Sandy Delancey was angry to discover her son was part of a behavior study and even angrier when she learned his Pittsburgh elementary school didn't need her permission for the third-grader to participate.
The Pennsylvania woman is part of a group of parents who accuse in a lawsuit that researchers in the 1995 study delved into whether children ever forced anyone to have sex or tortured animals. Kyle Delancy, now 10, was so upset he suffered severe headaches, his mother said."I wasn't even told, let alone asked," she said. "I was surprised that the only way I could get the problem resolved was to take people to court."
Parents across the nation are waging court battles over their right to information concerning their children's education. Members of Congress are proposing a measure to bolster parents' rights - and penalize noncompliant schools by withholding federal money.
Federal law, enacted in 1974, is too vague, said Rep. Todd Tiahrt, R-Kan., a sponsor of the new bill. The statute says parents should have access to files and other materials directly related to a student, but it doesn't spell out what a parent is entitled to see - and it doesn't require parental consent for students to undergo counseling or psychiatric evaluation.
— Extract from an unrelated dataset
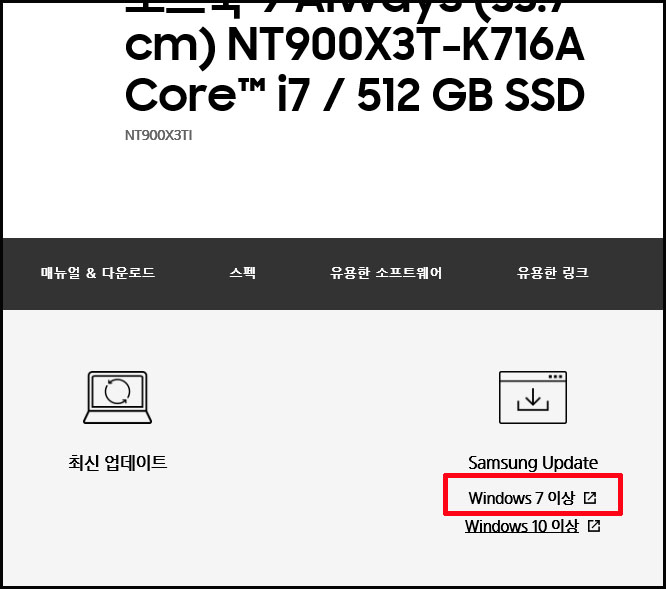 제목 없음-2.jpg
Researchers say parents misunderstood the 1995 study, which had been widely used in Pittsburgh but was canceled in the Gateway School District after parents complained. A lawsuit is pending in federal court against the district and the psychiatric hospital at the University of Pittsburgh, which conducted the study of hyperactivity and other behavior disorders.
Legal rulings on such matters vary: A Michigan couple lost a court battle to view records of a counselor's sessions with their son, who they said was counseled without their permission. But a California couple successfully obtained a court order to review the curriculum of an elective class in which their son was enrolled.
The National PTA argues that parental rights legislation could interfere with child abuse laws and school discipline codes. And the National Education Association says the bill "may pave the way for lawsuit after lawsuit that could literally paralyze the public school system," said NEA spokesman Steve Wollmer.
Tiahrt argues Congress should make the rules crystal-clear for school administrators.
"My purpose here is to eliminate any misunderstanding. Parents should be involved," said Tiahrt, who introduced the measure Wednesday. "Whenever we involve parents in the educational process, kids do better and schools are stronger. When parents are excluded from the system, they are suspicious of it."
The measure's co-sponsors include House Majority Leader Dick Armey, R-Texas, dozens of Republican lawmakers and a handful of Democrats. It's backed by conservative groups including the Rutherford Institute and the Family Research Council.
The measure would guarantee access to such curricula-related materials as textbooks, films, manuals and audiovisual materials. And parents would have the right to see the tests their children take, with the exception of standardized achievement and copyright tests.
It would require schools to obtain parental consent before students undergo medical, psychological or psychiatric examination or treatment at school.